Verpflichtung für die Gegenwart

Ulrich Macher

Am 27. Januar hat das Stralsunder Friedensbündnis an der Jüdischen Gedenkstele am Johanniskloster in Stralsund der Befreiung des Konzentrationslagers Auschwitz vor 81 Jahren durch die Rote Armee gedacht. Eine junge Posaunistin umrahmte die Veranstaltung eindrücklich musikalisch.

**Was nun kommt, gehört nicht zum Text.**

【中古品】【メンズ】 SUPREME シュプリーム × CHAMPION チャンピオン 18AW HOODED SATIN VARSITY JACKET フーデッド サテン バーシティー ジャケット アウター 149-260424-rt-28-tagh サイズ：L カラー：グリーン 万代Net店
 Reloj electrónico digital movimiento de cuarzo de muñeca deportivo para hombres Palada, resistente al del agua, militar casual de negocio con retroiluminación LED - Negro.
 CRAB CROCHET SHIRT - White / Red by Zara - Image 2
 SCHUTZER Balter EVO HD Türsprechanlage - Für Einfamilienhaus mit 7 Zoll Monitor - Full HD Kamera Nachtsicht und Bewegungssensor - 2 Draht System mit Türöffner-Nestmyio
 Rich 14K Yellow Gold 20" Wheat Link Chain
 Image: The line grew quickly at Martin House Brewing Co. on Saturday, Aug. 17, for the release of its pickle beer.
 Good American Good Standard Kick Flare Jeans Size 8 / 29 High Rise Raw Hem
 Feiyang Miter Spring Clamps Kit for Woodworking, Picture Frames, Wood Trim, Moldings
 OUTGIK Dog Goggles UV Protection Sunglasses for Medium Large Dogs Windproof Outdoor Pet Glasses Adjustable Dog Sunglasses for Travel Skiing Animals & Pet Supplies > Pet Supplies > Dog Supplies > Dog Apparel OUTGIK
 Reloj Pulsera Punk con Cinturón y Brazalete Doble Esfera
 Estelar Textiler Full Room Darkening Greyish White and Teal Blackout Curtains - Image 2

Im Vorfeld hatte das Friedensbündnis erklärt: „Das Gedenken an die Millionen Opfer des Nazi-Terrors ist für das Friedensbündnis eine Verpflichtung für die Gegenwart. Angesichts des aktuell zunehmenden Rassismus, Antisemitismus und Militarismus gilt es, die historische Lehre ‚Nie wieder Krieg – Nie wieder Faschismus!‘ mit Nachdruck zu verteidigen. Anstelle einer Politik der Aufrüstung und ‚Kriegstauglichkeit‘ braucht es konsequente Schritte der Abrüstung, friedliche Konfliktlösungen und die Verteidigung des Völkerrechts.“

Am Nachmittag besuchten Mitglieder des Bündnisses zudem die ergreifende Lesung aus dem Tagebuch der Anne Frank in der Stadtbibliothek, die vom Theater Vorpommern durchgeführt wurde. Vertreterinnen des Friedensbündnisses bedankten sich herzlich bei den Mitarbeiterinnen des Theaters, die diese Sonderveranstaltung zum Gedenktag ermöglicht haben.